This is the 19th day of my participation in the August Wenwen Challenge.More challenges in August

Selenium uses id, ClassName, Tag, xpath, and selectors to find elements. It doesn’t really matter which one you use, as long as you’re adept at finding elements.

There’s one more way to do this, and that’s called xpath. Whether you use Selenium or not, xpath is also a common choice when you’re seriously learning about crawlers.

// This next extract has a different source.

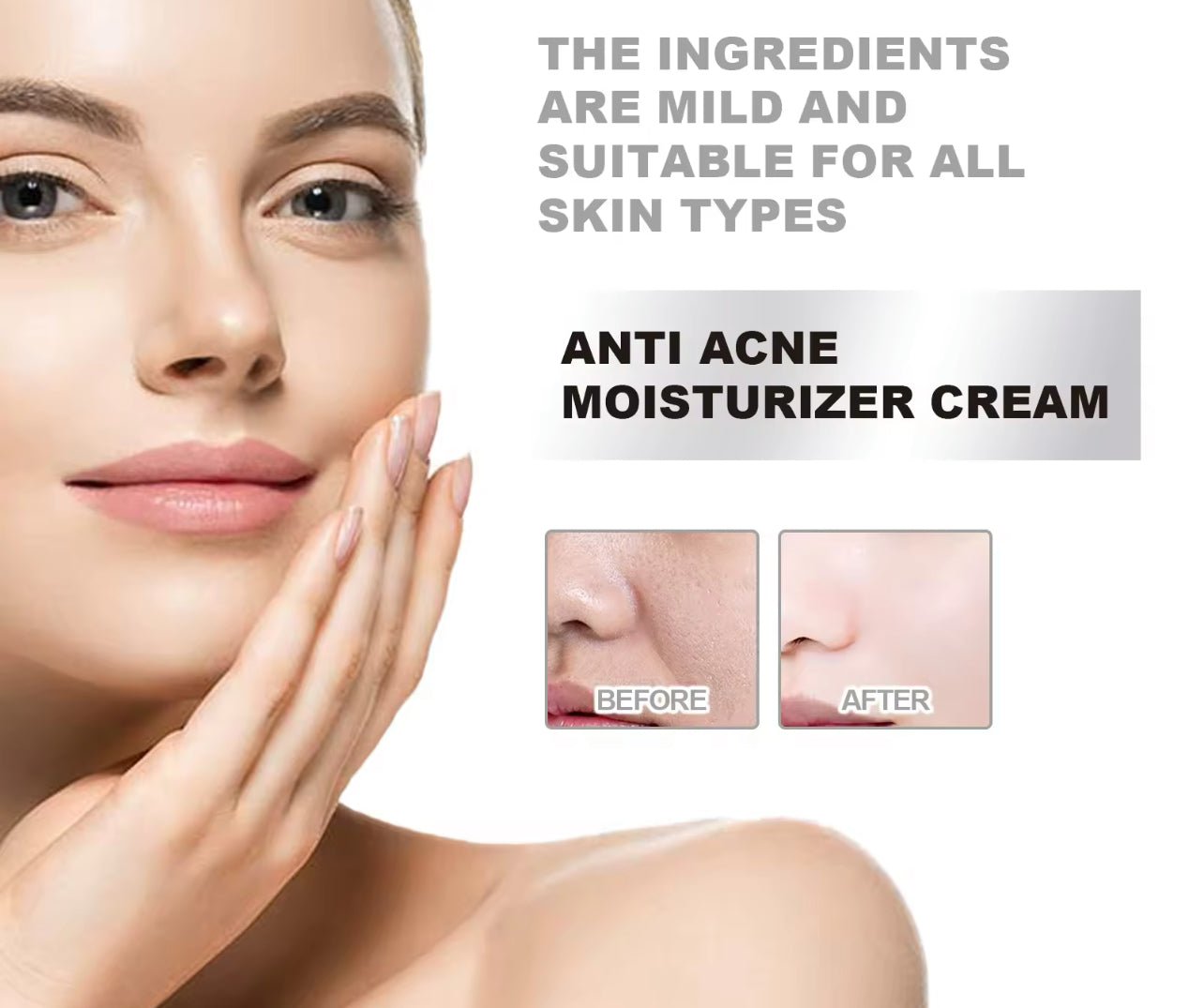 Hydrating & Acne Repair Face Cream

First of all, what is xpath? What does it do? XPath (XML Path Language) is a Language specified by the international standardization organization W3C to select nodes in XML and HTML documents. Current major browsers (Chrome, Firefox, Edge, Safari) all support XPath syntax

An absolute path

An absolute path is a deterministic path written from the root node. Here our root node is/HTML, and we start at/HTML and work our way up to some specific element. In general, absolute paths are long. For example, we could go like this:

elements = driver.find_elements_by_xpath("/html/body/div/")
Copy the code

The xpath above is coherent, concrete and deterministic, so it is an absolute path.

Again, take Baidu

The full xpath above is:

/html/body/div[1]/div[1]/div[5]/div/div/form/span[2]/input
Copy the code

Relative paths

As opposed to absolute paths, we have relative paths. Relative paths are not written from the root node. It usually starts with a double slash //. Such as:

//div//a
Copy the code

Some students say, is the relative path so short? Yeah, it’s that short, so it’s likely to match a lot of them, so we need to be careful. Check whether the matched element is the one we need, otherwise there may be an error when using it.

Our complete matching code is:

elements = driver.find_elements_by_xpath("//div//p")
Copy the code

That way you can match a bunch of them.

The wildcard

The wildcard here means any character, replaced by *.

If you want to select all direct children of all div nodes, you can use the expression //div/*

elements = driver.find_elements_by_xpath("//div/*")
Copy the code

The code above matches all child nodes under all divs.

About crawlers and automated tests, if you are interested in learning, you can pay attention to the public account: code like poetry, leave a message to me, I will teach you systematic learning.